I postponed the inevitable again by turning the load-size control to small. Now I was washing a load of clothes nearly every day, but the water was draining without incident.

Last Thursday, even the "small" load of water was more than the drain could handle. It overflowed again.

I was sure that the stoppage was in the washer drain line; I was equally certain that it ran out of the wall behind the washer down into the crawl space where it continued to somewhere in the front of the house. My plan was to go into the crawl space, cut the drain line about two feet from the wall, run a plumber's snake through it in both directions and knock the blockage free. I would then join the drain back together using a PVC connector with a removable access so I would never need cut the drain line again. Brilliant, no?

Oh yeah, I'm a frickin' genius.

On Friday, I stopped at Lowe's and purchased the 2-inch PVC pipe pieces I needed along with the appropriate cement and cleaner. I donned my crawl-space attire -- designed to keep creepy-crawlies from dropping down the back of my neck or scurrying up my pants leg. I gathered all the tools I thought I might need. Flashlight: check. Reciprocating saw: check. Can of Raid: check.

My crawl space isn't the Taj Mahal of crawl spaces, but it is better than many in which I've been. Its access is in the house. The floor is completely covered in heavy visqueen plastic and there is sufficient room that I only need bend at the waist a little to navigate around. Still, it is a crawl space.
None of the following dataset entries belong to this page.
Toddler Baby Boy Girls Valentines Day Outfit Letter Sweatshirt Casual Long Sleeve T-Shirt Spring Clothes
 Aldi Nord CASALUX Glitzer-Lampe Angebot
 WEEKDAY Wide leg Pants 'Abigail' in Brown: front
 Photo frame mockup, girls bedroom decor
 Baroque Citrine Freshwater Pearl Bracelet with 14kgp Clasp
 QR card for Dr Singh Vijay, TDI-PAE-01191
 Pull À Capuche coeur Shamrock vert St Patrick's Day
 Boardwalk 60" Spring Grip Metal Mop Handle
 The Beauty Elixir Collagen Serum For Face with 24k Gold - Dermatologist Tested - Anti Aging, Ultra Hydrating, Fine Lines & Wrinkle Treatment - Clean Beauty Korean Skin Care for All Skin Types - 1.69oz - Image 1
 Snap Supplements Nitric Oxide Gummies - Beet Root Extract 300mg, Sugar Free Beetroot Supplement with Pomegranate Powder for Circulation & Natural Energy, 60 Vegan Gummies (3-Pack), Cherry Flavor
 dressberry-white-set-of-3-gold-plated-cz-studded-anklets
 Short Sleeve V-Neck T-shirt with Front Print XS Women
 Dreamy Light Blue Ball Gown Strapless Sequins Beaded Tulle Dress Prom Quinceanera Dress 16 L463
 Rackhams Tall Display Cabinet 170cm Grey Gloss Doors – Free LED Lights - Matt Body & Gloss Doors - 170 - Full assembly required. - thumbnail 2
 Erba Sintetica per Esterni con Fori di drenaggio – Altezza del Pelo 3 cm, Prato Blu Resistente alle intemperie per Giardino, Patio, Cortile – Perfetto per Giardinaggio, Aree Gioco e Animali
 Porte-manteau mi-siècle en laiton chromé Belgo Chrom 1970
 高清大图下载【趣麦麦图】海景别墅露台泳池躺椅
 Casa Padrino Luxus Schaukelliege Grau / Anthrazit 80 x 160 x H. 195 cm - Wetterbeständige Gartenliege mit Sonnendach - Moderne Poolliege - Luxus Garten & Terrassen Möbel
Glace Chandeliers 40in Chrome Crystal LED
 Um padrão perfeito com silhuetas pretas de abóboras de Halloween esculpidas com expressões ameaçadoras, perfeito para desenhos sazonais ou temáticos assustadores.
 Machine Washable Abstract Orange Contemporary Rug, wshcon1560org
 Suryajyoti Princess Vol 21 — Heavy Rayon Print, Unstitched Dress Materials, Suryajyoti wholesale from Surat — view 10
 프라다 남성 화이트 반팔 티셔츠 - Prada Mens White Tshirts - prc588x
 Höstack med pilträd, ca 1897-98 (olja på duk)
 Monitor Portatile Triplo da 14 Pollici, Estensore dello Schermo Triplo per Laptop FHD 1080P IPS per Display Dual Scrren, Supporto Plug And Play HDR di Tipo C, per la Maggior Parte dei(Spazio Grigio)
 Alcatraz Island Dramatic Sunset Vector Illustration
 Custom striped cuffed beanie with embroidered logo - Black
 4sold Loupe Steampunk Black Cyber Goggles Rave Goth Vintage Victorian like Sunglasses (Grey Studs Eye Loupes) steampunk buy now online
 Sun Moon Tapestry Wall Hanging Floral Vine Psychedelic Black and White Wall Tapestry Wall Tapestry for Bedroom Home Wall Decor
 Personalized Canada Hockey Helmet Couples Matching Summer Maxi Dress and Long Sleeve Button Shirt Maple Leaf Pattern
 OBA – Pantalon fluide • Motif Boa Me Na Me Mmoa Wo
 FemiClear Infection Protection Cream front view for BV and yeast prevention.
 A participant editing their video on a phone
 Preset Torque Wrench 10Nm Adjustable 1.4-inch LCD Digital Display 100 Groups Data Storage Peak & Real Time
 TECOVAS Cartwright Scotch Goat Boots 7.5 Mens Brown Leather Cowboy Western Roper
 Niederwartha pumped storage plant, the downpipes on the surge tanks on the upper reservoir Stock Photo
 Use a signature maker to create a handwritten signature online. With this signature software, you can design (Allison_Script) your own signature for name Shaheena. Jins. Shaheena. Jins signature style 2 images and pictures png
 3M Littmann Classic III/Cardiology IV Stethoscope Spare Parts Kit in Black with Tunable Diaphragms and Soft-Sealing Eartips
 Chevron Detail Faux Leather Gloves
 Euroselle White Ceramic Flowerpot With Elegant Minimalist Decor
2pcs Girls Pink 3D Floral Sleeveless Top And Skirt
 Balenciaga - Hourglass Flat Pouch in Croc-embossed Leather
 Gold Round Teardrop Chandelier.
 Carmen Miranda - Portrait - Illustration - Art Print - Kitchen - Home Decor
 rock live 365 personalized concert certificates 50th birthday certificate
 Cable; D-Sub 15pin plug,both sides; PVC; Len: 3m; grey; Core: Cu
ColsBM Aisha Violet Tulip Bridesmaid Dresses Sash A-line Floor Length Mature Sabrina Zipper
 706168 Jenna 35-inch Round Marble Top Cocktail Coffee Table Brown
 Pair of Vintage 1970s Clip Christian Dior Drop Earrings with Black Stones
I bundled all the accouterments of my project into the crawl space, shuffled about five steps to the left of the access door, which was enough for me to see around the corner, and to my horror, the drain doesn't run from the wall across the crawl space to the front of the house. It exits the wall, makes a sharp u-turn where it hooks into the cast-iron sewer line which then disappears back into the wall and under the house.

Obviously, I thought, the issue is with the main sewer line between my house and the street. Drat!

This still seemed unlikely because I had never had an issue with any drains other than the washing machine backing up. I filled the washer with water and as I induced its dumping in the drain, I ran my downstairs shower while flushing the downstairs commode. I finally got the drain in the shower to backup. Bingo! It's in the line outside...umm, probably.

After commiserating about it with my buddy Jeff that night at Soby's happy hour, we decided I would call him the next day and he would use his Angie's List membership to help me find an accredited plumber. I had called one I found online that the BBB rated highly, but never received a return call.

Through the Angie's List process, I landed on Roto-Rooter, sending an e-mail requesting a Monday morning appointment. They responded that they would arrive between 9 a.m. and 11 a.m.

A technician from Roto-Rooter arrived around 9:45. After asking me a couple of questions, he descended into my crawl space. I offered him my haz-mat outfit, but he declined.

He dragged a smaller electric-powered snake down there and set to work. He was confident that the issue was in my washer drain after all. OK. Apparently the drain from the kitchen sink tied into the washing machine drain and the result was a grease clog.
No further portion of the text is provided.